Today there are many coloratura sopranos all benefitting from the renaissance in bel canto operas, but most still fall within the category of small, white or silvery sopranos, buzzing around the vocal summits like maniacally possessed bees. Fortuitously, a soprano has at long last arrived on the world stage, who possesses a rich, warm, radiantly lyric soprano, that is capable of the most extraordinary excursions into the tonal stratosphere. Her name is Eglise Gutiérrez, a Cuban-born soprano who has been busy over the past few years wowing audiences in the United States and Europe with her mesmerizing interpretations of the heroines of Donizetti, Bellini, Verdi, Massenet and Delibes.
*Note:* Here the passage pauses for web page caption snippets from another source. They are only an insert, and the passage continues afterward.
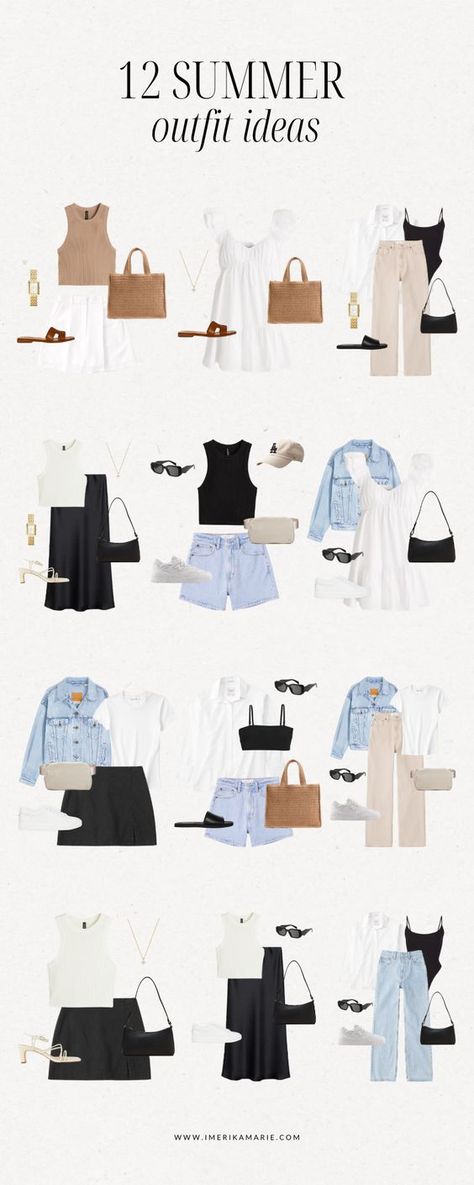 Fest Outfits, Capsule Wardrobe Outfits, Fashion Capsule Wardrobe, 여름 스타일, Europe Outfits, Populaire Outfits, Summer Outfit Ideas, Capsule Outfits, Wardrobe Outfits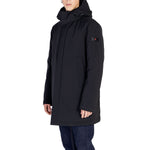 Peuterey Black Polyester Jackets & Coat for men with minimalist design featuring adjustable hood and concealed closure.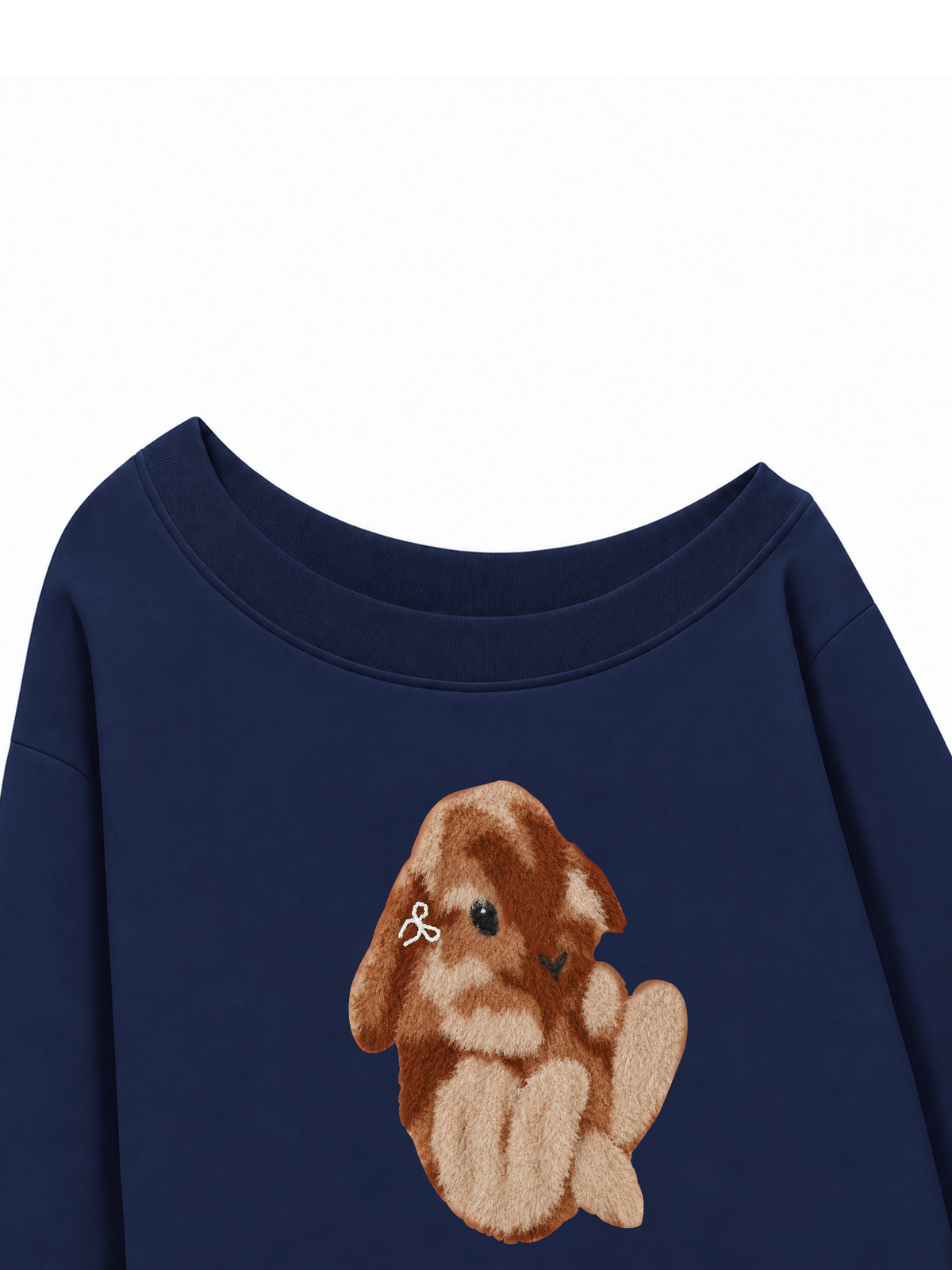 Áo Sweater Lệch Vai Nỉ Hai Da  Cute Bunny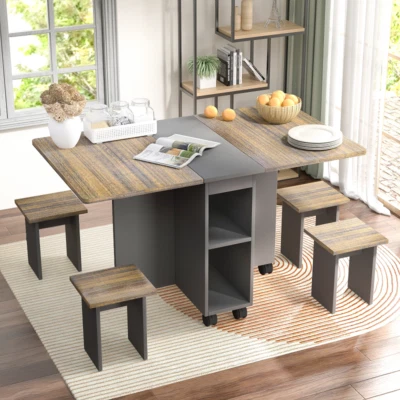 5 Pieces Folding Extendable Wood Dining Table Set with 4 Chairs Storage 6 Wheels - Image 1 of 4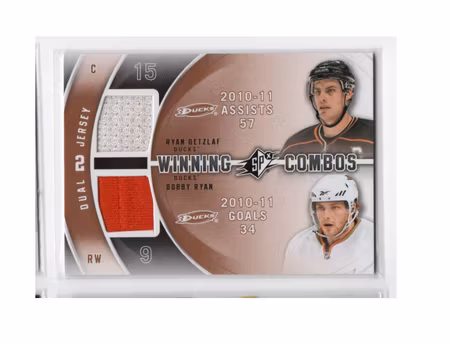 2011-12 SPx Winning Combos #WCGR Ryan Getzlaf Bobby Ryan E (60-X275-DUCKS)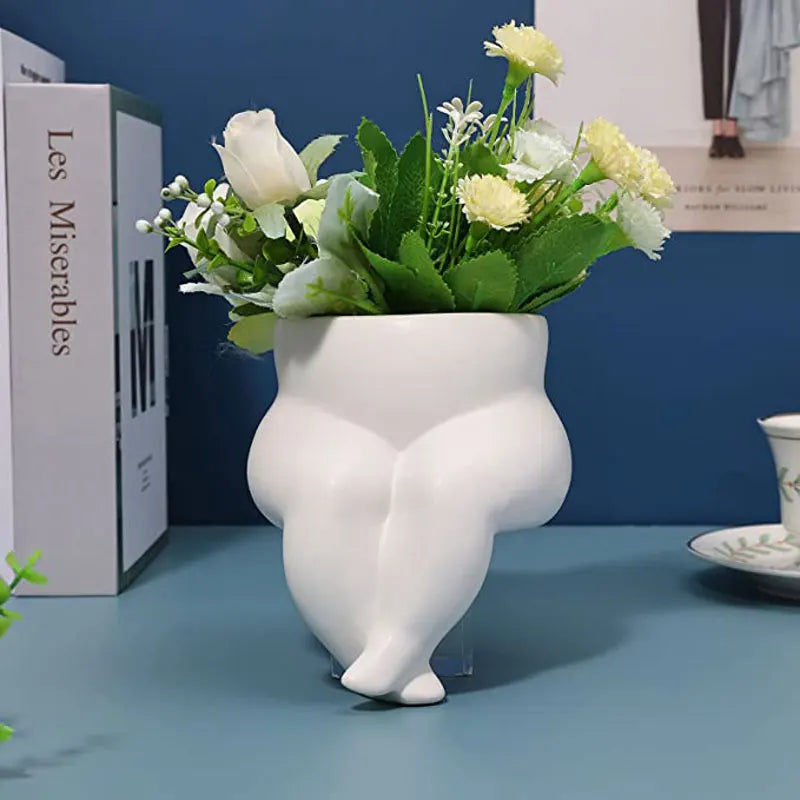 Ceramic Leg Vase – Body Art Decorative Flower Pot | Hydroponic Succulent Planter & Living Room Decor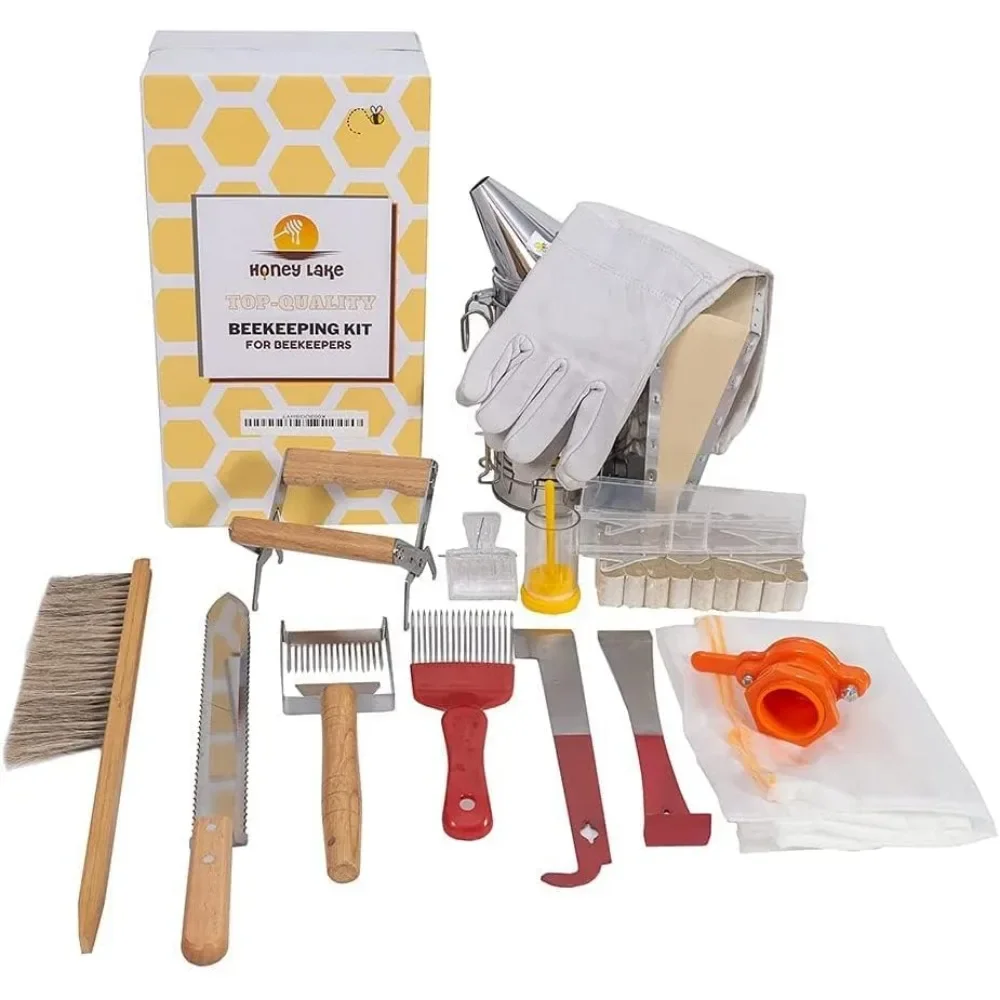 8 Frame Bee Hive Starter Kit and Beekeeping Supplies with Beehive Tool Kit Includes Bee Smoker Beekeeper Hat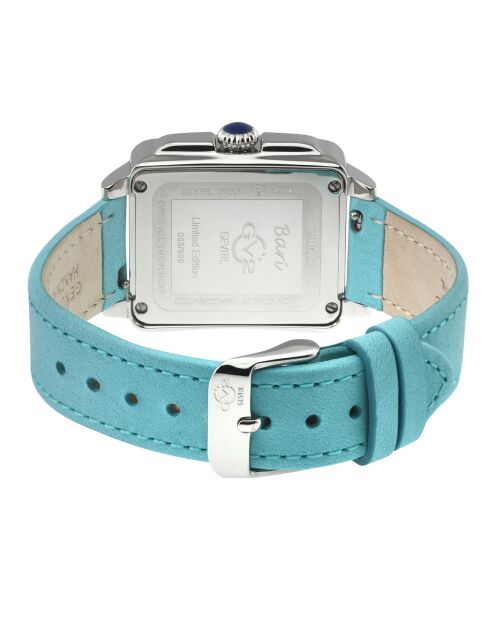 Montre Quartz Femme Bari Viva en Cuir & Diamants 0.02 ct turquoise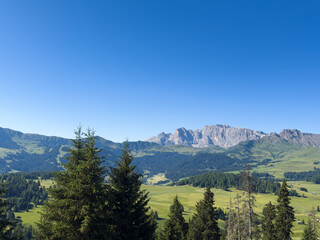 Naklejka premium Alpe di Siusi at sunny morning sunrise, Dolomites mountains, Italy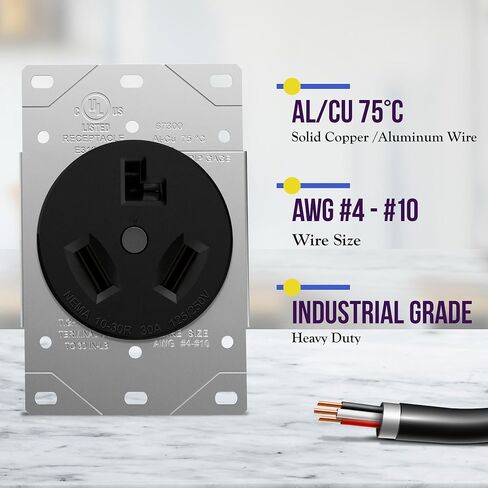 ENERLITES 50 Amp Receptacle Outlet, NEMA 10-50R, Residential Commercial Industrial Grade, Outdoor/Indoor, 3-Pole, 3 Wire, No Ground Contact, (10,8,6,4) AWG, UL Listed, 125/250V, 67500-BK, Black in Saudi Arabia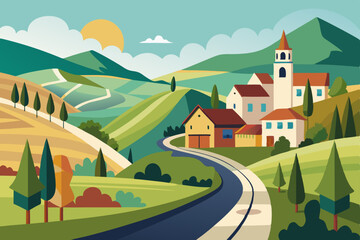 road passing through small village in hills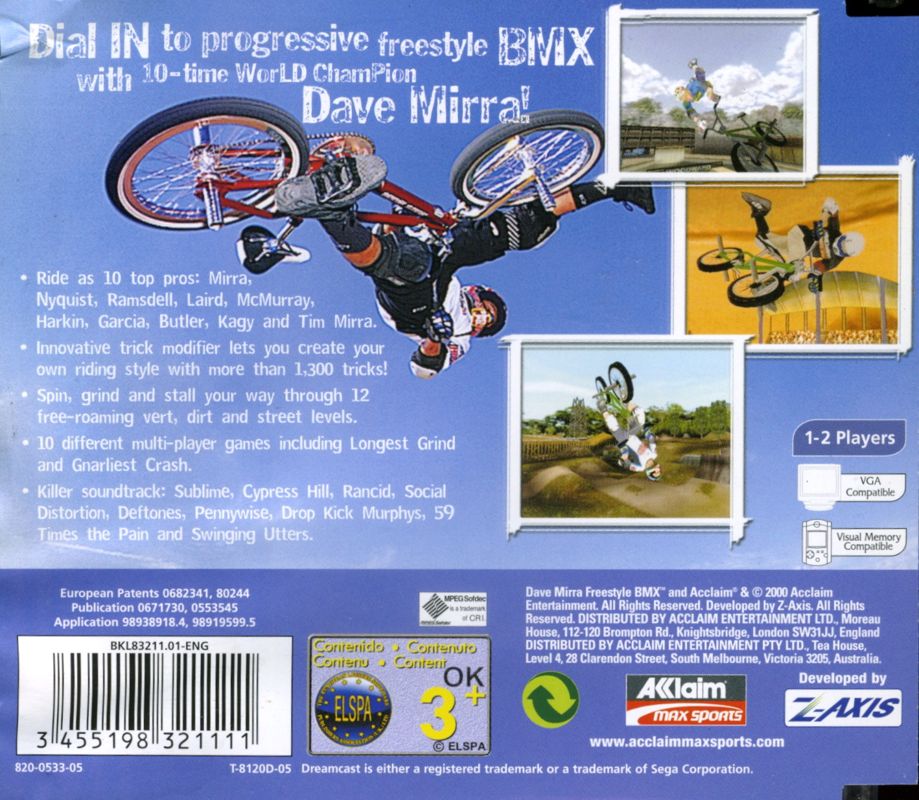 Back Cover for Dave Mirra Freestyle BMX (Dreamcast)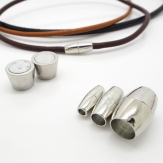 30pcs/lot Silver Tone Strong Paved Magnetic Clasps Jewelry Clasps Fitting 3mm Leather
On Monday the 7th of September she makes her debut at the Royal Opera, Covent Garden, in the first of two concert performances of Donizetti’s Linda di Chamounix. The anticipation for vocal connoisseurs is positively palpable!
Recently labeled “Britain’s best baritone” by Andrew Porter in Opera magazine, Roderick Williams has emerged as one of today’s most distinguished singers, both in opera and in recital. He is the possessor of a rich and handsome baritone that is warm, flexible and used with intelligence. The artistry with which it is deployed is one of complete commitment, with articulation of text and drama given centre stage. His recording output verges on the prodigious, whilst his appearances both on stage and in concert generate enormous enthusiasm from both public and critics alike. Yet in many ways he is the antithesis of the star-seeking baritones with whom we are all too familiar.
Since 2008 the Japanese soprano Eri Nakamura has been wowing London audiences at The Royal Opera with her committed stage presence and gleaming voice. As a member of the Jette Parker Young Artist Programme, Ms Nakamura has consistently made her presence felt whether in smaller roles such as the 5th Maid in Elektra, or as she did when she sensationally stepped in at the last hour for an indisposed Anna Netrebko in Bellini’s I Capuleti e i Montecchi. The possessor of a rich warm lyric soprano that can cleave through an orchestra with such precision and body, audiences and critics alike have proclaimed Ms Nakamura as a new major talent on the opera scene.